**Required work**
Repeat the listing exactly as given, omitting every image.

-- Given material follows --

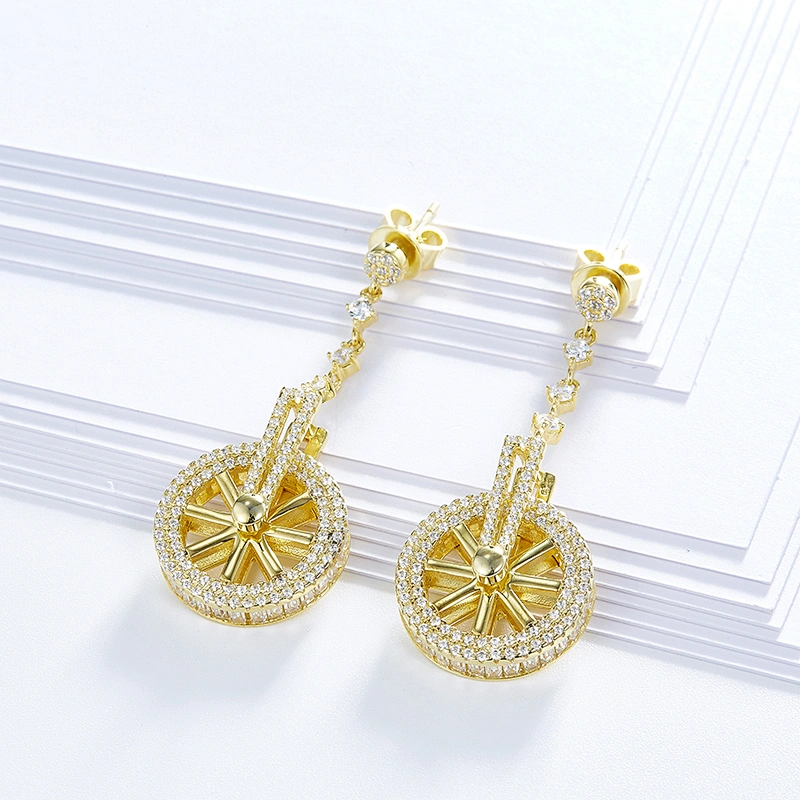 925 dropping earring,bling earrings,cooper cz imitation fine jewelry,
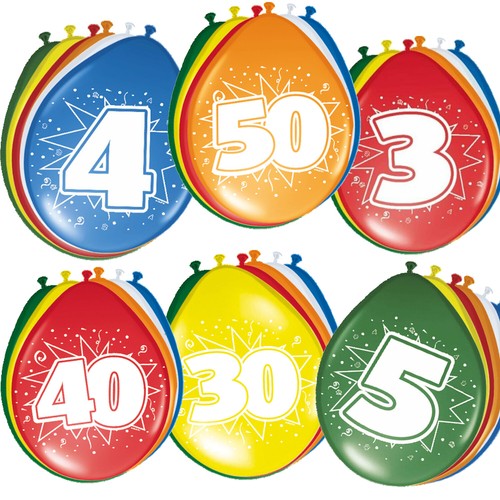 Luftballons zahlen ballons - -,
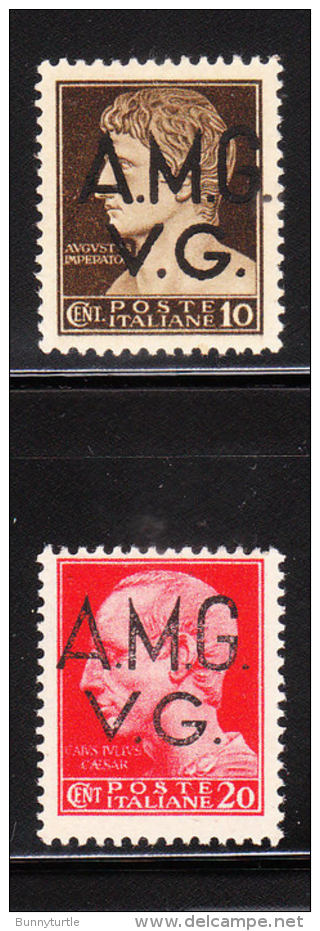 Italy 1945 Overprinted 2v MNH - Neufs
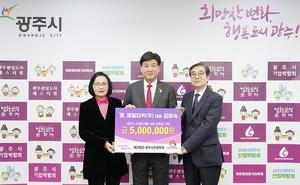 ����Ÿī(��) ����� ��ǥ, ���ֽù�����ȸ�� ���б� 500���� ��Ź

-- Given material concluded --

**Exercise result**
 925 dropping earring,bling earrings,cooper cz imitation fine jewelry,
 Luftballons zahlen ballons - -,
 Italy 1945 Overprinted 2v MNH - Neufs
 ����Ÿī(��) ����� ��ǥ, ���ֽù�����ȸ�� ���б� 500���� ��Ź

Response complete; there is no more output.